> **EXERCISE DIRECTIONS**
Transcribe these records exactly, dropping every picture.

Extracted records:

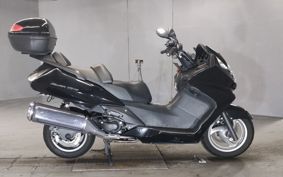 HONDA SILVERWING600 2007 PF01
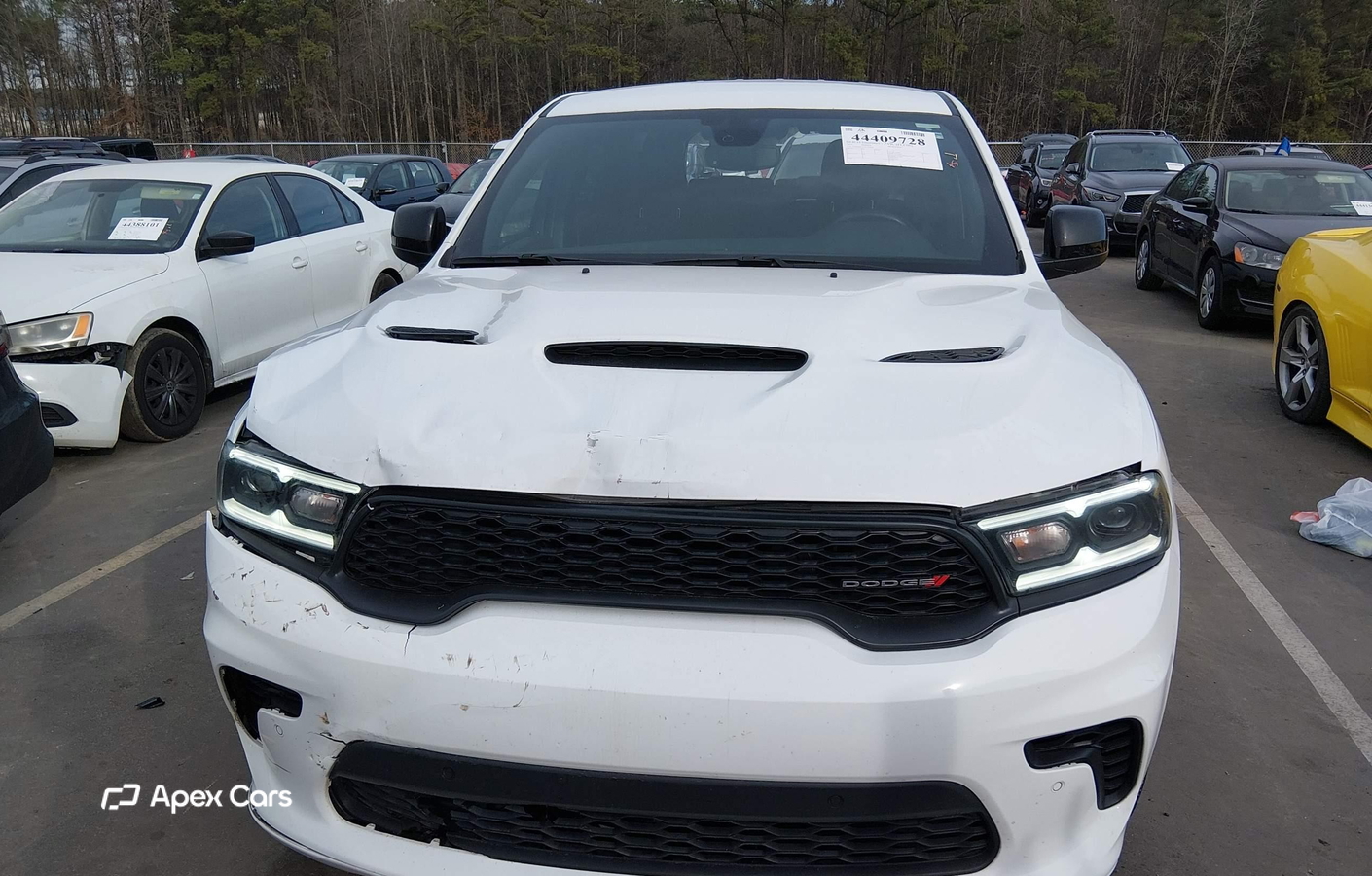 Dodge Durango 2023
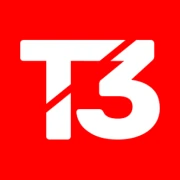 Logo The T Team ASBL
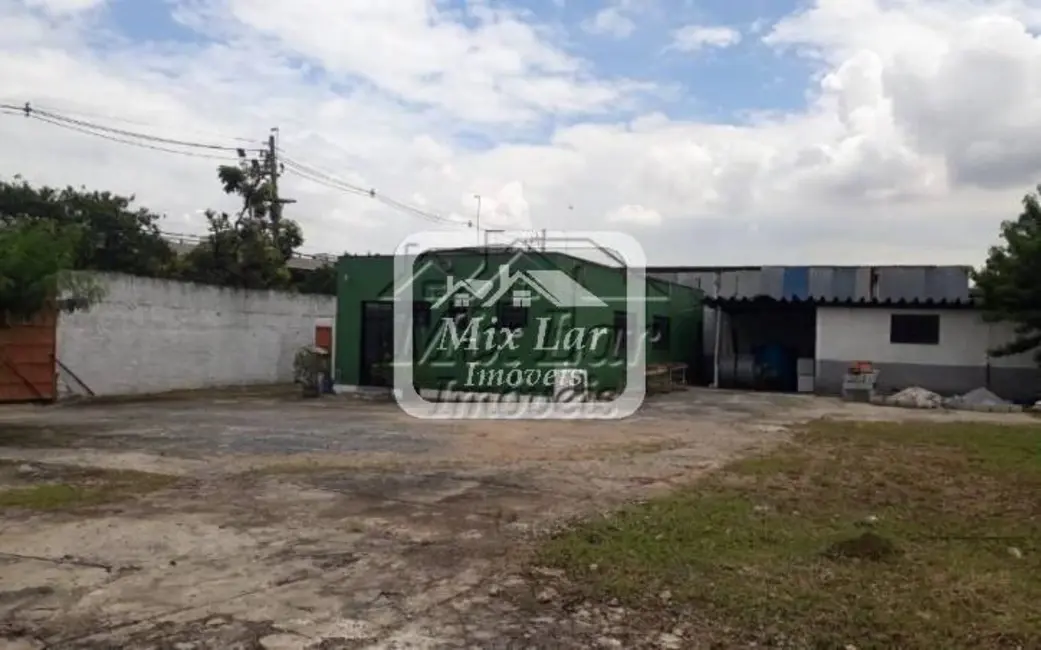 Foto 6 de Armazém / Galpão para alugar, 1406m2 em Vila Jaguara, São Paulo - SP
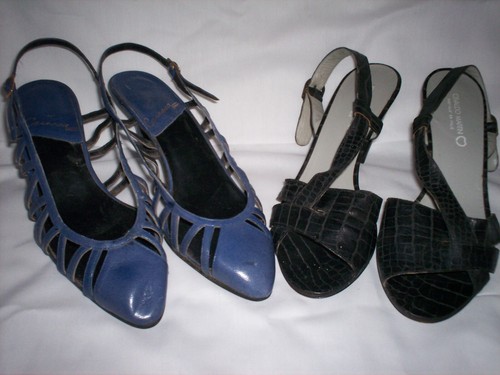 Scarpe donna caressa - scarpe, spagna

> **SOLUTION FOR THIS PROBLEM**
 HONDA SILVERWING600 2007 PF01
 Dodge Durango 2023
 Logo The T Team ASBL
 Foto 6 de Armazém / Galpão para alugar, 1406m2 em Vila Jaguara, São Paulo - SP
 Scarpe donna caressa - scarpe, spagna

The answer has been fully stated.